Think of your application as a fortress. The valuable treasure—your core logic—is in the keep. The hexagon is its walls. Nothing gets in or out without going through a very specific, heavily guarded gate. Those gates are your Ports and Adapters.

What Are Ports and Adapters, Really?

A Port is an interface. Full stop. It’s a contract, defined by your core application, that says, “If you want to give me data or ask me to do something, this is the exact shape your request must take.” It’s an incoming port. Or, it says, “If you need me to save something, I will call this method with this signature, and you’d better be ready to handle it.” That’s an outgoing port.

An Adapter is the grunt work that implements the port for a specific technology. The port says “save a user.” The PostgreSQL adapter does the INSERT INTO users.... The MongoDB adapter does the collection.InsertOne(). Your core logic calls the port interface and sleeps soundly, unaware of the SQL or NoSQL nightmare happening on the other side.

The Nuts and Bolts: A Go Example

Let’s model a simple user service. Our core treasure is the ability to create and fetch users. First, we define our domain entity. This lives smack in the center of the hexagon, utterly devoid of any outside concerns.

// domain/user.go
package domain

type User struct {
	ID    string
	Name  string
	Email string
}

Now, our core logic needs to persist and retrieve these users. But it won’t do the persisting itself. That’s an outgoing dependency. So we define a port—an interface—for it.
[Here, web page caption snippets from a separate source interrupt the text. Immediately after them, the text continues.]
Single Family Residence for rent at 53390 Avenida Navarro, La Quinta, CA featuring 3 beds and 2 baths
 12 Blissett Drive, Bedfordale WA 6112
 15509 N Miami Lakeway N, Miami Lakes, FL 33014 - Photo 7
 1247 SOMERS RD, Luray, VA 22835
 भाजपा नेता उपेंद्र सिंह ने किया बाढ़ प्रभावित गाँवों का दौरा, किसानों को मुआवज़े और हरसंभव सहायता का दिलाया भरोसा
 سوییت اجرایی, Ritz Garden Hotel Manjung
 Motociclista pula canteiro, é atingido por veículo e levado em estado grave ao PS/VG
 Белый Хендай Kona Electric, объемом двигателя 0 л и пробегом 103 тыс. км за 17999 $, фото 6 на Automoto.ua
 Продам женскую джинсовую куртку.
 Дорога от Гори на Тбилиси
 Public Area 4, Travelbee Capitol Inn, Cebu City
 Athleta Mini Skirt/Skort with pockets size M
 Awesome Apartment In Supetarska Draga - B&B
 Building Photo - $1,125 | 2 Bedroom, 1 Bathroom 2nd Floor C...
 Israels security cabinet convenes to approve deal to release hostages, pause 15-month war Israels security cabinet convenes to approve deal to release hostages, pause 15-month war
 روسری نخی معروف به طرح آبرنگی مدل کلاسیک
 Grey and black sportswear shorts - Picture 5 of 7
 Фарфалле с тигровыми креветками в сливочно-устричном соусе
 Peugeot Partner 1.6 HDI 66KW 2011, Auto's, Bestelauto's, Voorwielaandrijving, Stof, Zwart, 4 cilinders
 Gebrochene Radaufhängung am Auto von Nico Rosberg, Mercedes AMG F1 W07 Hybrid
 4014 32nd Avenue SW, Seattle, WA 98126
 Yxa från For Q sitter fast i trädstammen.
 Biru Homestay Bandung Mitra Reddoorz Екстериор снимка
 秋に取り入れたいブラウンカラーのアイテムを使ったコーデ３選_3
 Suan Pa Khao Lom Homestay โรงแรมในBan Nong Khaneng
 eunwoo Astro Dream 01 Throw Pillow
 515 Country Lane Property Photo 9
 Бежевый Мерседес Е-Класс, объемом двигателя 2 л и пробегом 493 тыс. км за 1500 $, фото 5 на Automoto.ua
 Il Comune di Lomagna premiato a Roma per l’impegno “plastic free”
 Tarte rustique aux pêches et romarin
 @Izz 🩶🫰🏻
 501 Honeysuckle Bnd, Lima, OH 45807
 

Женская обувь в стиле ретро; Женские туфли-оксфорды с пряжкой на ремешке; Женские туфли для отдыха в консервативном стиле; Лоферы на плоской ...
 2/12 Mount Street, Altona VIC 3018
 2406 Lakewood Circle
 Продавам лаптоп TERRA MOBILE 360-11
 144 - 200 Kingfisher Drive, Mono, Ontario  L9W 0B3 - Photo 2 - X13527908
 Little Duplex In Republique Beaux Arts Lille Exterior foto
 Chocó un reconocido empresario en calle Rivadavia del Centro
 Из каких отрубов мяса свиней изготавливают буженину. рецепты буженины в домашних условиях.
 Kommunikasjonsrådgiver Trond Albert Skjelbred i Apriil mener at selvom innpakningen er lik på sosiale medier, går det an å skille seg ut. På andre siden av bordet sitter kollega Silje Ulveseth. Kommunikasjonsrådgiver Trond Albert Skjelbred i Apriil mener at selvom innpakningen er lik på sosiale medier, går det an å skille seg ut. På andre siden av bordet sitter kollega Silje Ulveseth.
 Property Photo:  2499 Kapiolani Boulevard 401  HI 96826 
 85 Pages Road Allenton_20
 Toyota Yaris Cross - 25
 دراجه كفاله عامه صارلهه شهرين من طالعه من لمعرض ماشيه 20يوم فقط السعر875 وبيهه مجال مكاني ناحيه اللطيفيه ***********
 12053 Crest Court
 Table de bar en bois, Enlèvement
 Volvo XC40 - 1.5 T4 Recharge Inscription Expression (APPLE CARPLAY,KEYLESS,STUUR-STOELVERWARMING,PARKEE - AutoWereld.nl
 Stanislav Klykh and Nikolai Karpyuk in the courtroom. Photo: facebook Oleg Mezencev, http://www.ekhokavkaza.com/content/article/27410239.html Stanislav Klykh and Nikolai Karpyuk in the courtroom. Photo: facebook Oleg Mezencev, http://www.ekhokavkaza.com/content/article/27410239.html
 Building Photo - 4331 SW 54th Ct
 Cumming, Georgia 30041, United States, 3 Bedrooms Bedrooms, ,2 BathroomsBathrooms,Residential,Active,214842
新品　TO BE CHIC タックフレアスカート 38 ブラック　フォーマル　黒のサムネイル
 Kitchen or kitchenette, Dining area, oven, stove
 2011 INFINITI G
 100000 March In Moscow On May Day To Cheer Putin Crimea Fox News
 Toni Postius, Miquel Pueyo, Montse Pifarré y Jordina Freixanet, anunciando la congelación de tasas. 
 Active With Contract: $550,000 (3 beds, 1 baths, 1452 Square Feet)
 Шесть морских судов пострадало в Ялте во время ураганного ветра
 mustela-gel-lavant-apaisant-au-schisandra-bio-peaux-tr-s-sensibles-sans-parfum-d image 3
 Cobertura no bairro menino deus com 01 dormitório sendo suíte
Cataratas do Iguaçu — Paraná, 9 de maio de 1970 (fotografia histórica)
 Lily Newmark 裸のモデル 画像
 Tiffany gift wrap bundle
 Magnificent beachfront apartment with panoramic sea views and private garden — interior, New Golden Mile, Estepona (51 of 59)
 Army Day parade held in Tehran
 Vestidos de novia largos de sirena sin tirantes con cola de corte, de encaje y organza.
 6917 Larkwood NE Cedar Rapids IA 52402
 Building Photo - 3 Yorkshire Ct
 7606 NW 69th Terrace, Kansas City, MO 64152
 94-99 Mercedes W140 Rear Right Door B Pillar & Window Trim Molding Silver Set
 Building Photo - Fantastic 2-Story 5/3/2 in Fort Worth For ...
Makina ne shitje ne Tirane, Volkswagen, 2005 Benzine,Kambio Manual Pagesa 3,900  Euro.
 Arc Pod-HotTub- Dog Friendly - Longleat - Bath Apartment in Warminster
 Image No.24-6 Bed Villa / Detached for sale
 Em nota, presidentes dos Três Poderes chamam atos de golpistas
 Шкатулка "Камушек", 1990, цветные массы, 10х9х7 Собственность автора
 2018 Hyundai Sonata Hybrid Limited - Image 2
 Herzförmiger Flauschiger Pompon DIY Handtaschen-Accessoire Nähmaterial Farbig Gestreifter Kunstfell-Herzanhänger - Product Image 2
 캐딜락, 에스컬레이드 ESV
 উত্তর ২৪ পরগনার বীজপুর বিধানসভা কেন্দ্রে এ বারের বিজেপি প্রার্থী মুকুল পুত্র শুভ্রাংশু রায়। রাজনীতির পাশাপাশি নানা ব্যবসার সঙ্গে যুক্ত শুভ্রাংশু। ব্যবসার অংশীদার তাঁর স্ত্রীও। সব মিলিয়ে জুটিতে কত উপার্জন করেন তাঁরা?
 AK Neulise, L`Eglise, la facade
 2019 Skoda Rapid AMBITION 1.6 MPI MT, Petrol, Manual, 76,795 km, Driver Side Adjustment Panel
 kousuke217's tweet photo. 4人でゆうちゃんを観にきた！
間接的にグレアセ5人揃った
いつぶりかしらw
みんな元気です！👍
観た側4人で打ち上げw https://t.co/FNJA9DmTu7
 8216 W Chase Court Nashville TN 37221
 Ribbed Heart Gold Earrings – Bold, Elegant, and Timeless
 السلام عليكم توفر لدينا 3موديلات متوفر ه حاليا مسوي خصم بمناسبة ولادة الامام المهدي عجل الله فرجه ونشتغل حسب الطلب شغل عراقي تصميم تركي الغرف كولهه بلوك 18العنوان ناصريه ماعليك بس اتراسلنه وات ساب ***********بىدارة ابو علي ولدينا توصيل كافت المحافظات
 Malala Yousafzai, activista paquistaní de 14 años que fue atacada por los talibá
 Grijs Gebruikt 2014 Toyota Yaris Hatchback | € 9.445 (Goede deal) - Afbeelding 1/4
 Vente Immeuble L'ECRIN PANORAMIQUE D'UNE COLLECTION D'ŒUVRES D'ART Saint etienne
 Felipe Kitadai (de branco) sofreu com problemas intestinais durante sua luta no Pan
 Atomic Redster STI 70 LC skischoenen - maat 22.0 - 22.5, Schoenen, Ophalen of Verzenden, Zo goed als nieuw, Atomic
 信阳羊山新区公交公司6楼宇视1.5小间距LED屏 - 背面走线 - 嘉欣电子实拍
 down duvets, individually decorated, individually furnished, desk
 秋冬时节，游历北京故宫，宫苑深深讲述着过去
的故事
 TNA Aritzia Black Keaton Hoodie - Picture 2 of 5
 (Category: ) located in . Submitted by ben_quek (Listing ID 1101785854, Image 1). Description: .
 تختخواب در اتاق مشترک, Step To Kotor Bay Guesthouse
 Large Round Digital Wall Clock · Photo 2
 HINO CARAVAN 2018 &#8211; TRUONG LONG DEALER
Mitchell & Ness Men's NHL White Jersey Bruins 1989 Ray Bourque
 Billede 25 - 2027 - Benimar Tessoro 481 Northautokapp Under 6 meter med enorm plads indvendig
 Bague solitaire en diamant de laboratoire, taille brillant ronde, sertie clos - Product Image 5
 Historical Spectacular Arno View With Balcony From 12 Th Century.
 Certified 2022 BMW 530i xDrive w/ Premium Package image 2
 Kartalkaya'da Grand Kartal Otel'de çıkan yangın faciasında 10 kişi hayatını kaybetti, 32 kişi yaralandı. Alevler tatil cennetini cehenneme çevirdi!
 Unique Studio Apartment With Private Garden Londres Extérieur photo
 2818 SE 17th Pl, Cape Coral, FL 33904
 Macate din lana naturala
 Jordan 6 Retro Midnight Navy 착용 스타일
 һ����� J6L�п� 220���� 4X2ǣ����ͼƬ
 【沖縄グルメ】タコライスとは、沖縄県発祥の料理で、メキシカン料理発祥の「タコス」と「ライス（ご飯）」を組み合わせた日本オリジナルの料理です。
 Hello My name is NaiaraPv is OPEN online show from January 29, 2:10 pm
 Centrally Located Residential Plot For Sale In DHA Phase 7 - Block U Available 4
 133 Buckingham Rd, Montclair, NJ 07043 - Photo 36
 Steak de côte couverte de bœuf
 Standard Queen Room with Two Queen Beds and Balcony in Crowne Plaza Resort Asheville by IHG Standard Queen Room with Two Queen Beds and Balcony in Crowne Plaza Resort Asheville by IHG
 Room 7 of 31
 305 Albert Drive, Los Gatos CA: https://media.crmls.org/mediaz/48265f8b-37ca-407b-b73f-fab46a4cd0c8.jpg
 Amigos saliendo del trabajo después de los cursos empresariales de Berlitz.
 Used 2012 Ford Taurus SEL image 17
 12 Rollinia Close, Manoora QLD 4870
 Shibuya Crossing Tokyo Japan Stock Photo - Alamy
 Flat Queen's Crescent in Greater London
// ports/user_repository.go
package ports

import "github.com/yourproject/domain"

// UserRepository is an OUTGOING port.
// Our core logic *drives* this. It says, "I need to save stuff, here's how you must comply."
type UserRepository interface {
	Store(user domain.User) error
	FindByID(id string) (*domain.User, error)
}

Next, let’s create the actual core service that contains our business logic. This service depends on the port.

// core/user_service.go
package core

import (
	"errors"
	"github.com/yourproject/domain"
	"github.com/yourproject/ports"
)

type UserService struct {
	repo ports.UserRepository // Dependency on the port, not a concrete implementation
}

func NewUserService(repo ports.UserRepository) *UserService {
	return &UserService{repo: repo}
}

func (s *UserService) RegisterUser(name, email string) (*domain.User, error) {
	// Look! Business logic! Validation!
	if name == "" {
		return nil, errors.New("name cannot be empty")
	}
	// ... more validation

	user := domain.User{
		ID:    generateID(), // some internal logic
		Name:  name,
		Email: email,
	}

	err := s.repo.Store(user) // Calls the port. It doesn't know if it's saving to Postgres or a CSV file.
	if err != nil {
		return nil, err
	}

	return &user, nil
}

Now, for the adapter. Let’s make one for PostgreSQL. This lives outside the core, in an adapters folder. It implements the port’s interface.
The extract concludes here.